- November 12, 2018
- Posted by: Joey Benedid
- Category: Market News
The DXY continues to climb fueled by Brexit flaring up with the Euro threatening long term lows on Italian concerns as their rift with the EU continues to grow. The North American banking holiday today will make for a quiet session as we look forward to UK & U.S. inflation numbers due out Wednesday, while Australian unemployment and UK & U.S. retail sales data on Thursday round out the week. With the light economic calendar scheduled for this week we look for equities & commodities (especially oil) to be the main drivers outside of the data mentioned above.

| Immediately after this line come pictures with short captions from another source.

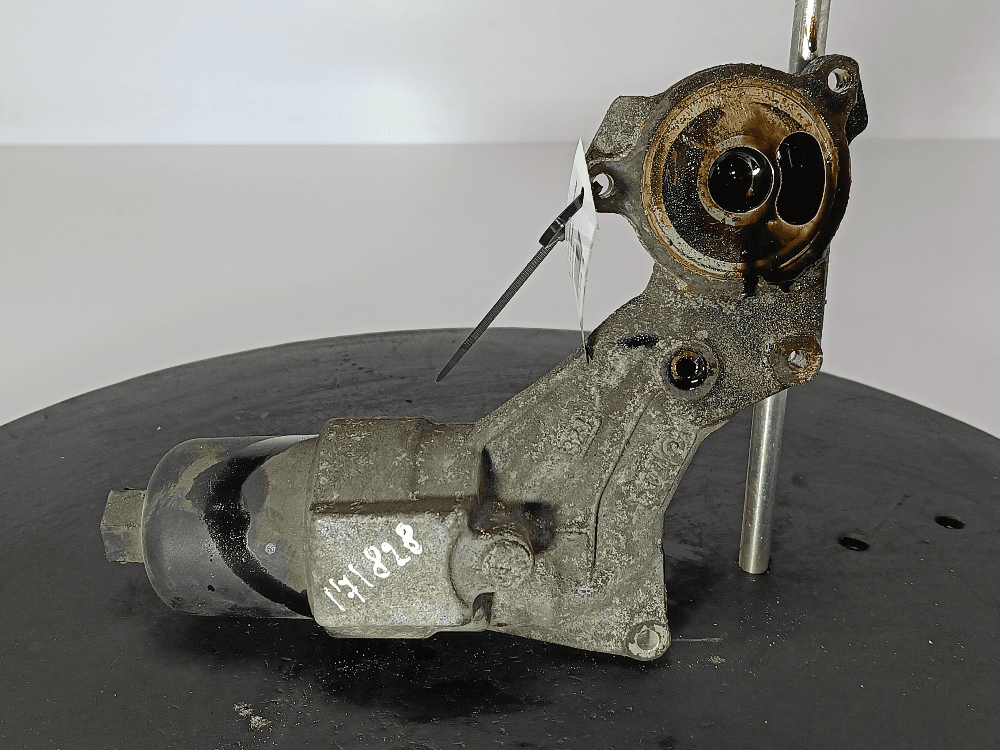 Корпус масляного фильтра к Peugeot 307 (01-05)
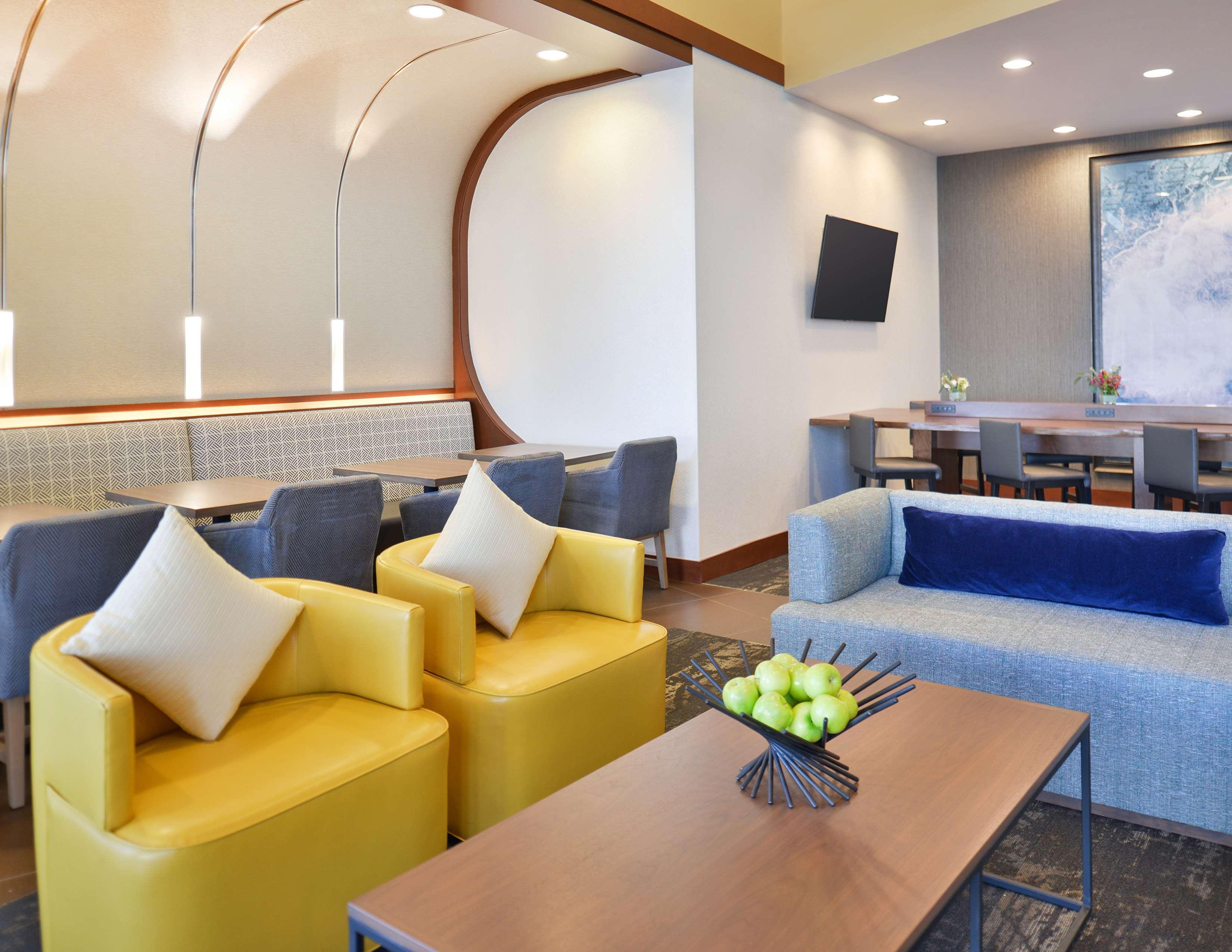 Hyatt Place Garden City Exterior photo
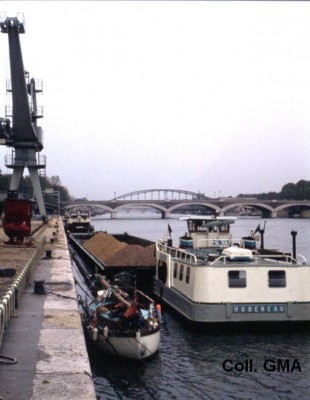 hobereau-paris - quai henri iv - pousseur@ashton.JPG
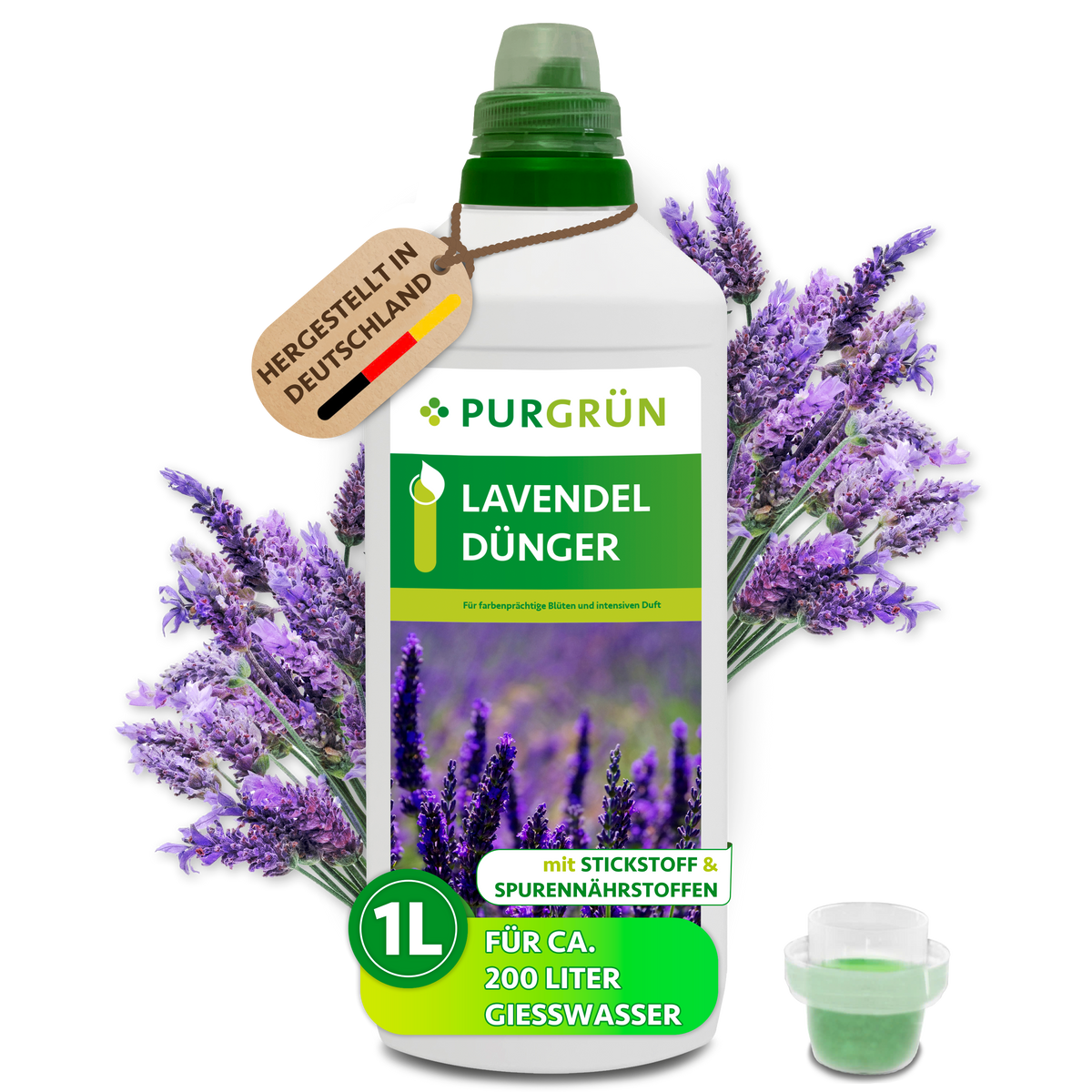 Purgrün Lavendel-Dünger in der 1-Liter-Flasche mit Dosierkappe, umgeben von Lavendelblüten und mit Anhänger „Hergestellt in Deutschland“.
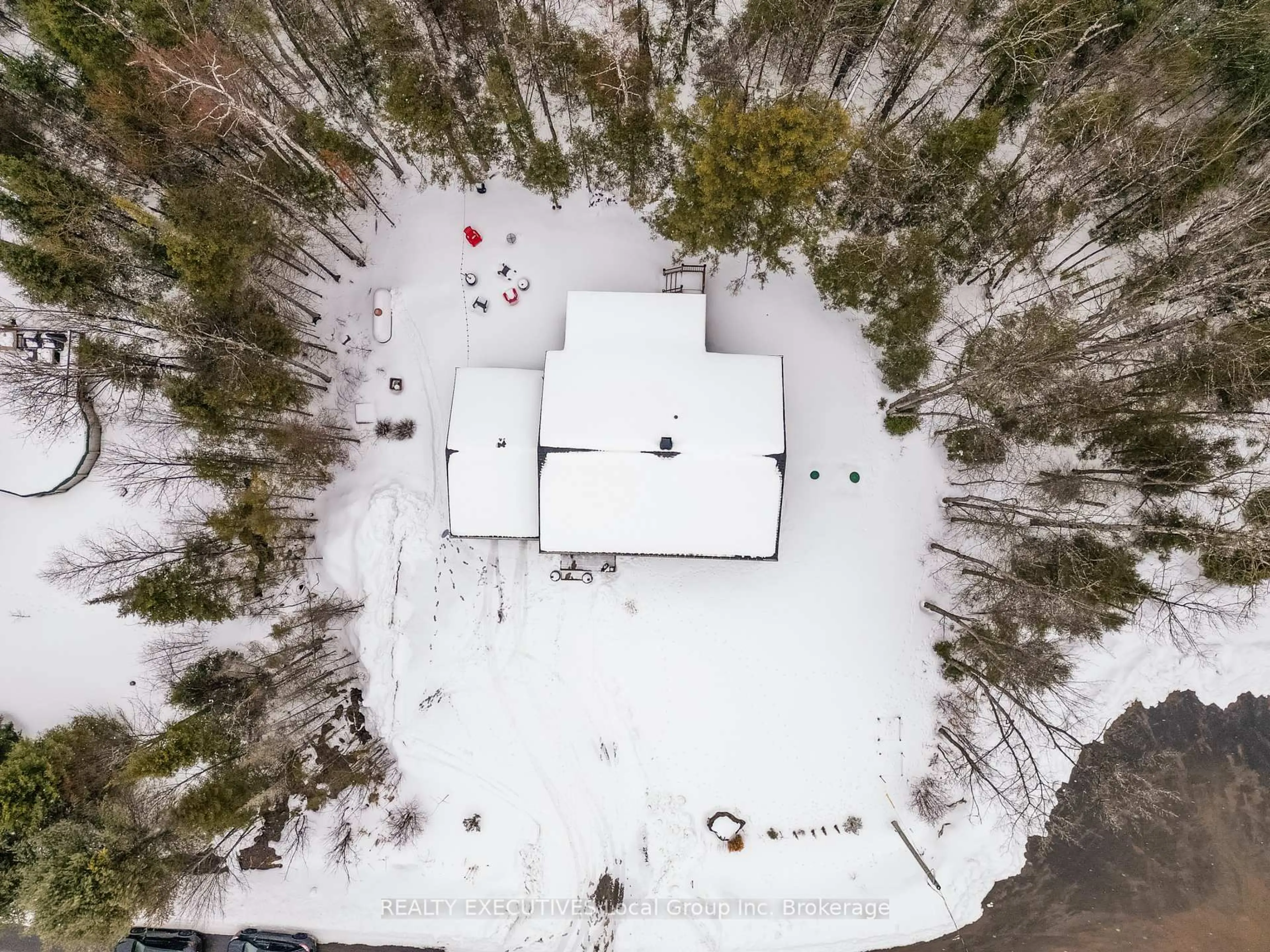 A pic from outside/outdoor area/front of a property/back of a property/a pic from drone, unknown for 61 Astor St, East Ferris Ontario P0H 1B0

The Canadian dollar suffered one of its worst weeks in months as the combination of weak oil prices, a US court order stopping the Keystone pipeline construction, and American and Canadian trade reps arguing over some of the fine print of the new USMCA didn’t help the CAD. Over the weekend, “Saudi Arabia’s intent to cut oil production supported crude prices with the loonie the only major currency gaining versus the dollar.” (Bloomberg) Not much to talk about in Canada until retail sales and CPI data on Friday, Nov 23 which could prove monumental in determining where the CAD heads in the medium term. As the BoC has made it very clear they are data dependent, a string of weak data will leave the Canadian dollar vulnerable to further selling. We broke above a 3 year trend line on Friday at 1.3189 which now provides support. Momentum indicators are still in extreme overbought territory, however fundamentals are outweighing technicals in the current environment. Short term pivot points will be 1.3170-80 below and 1.3280-90 above.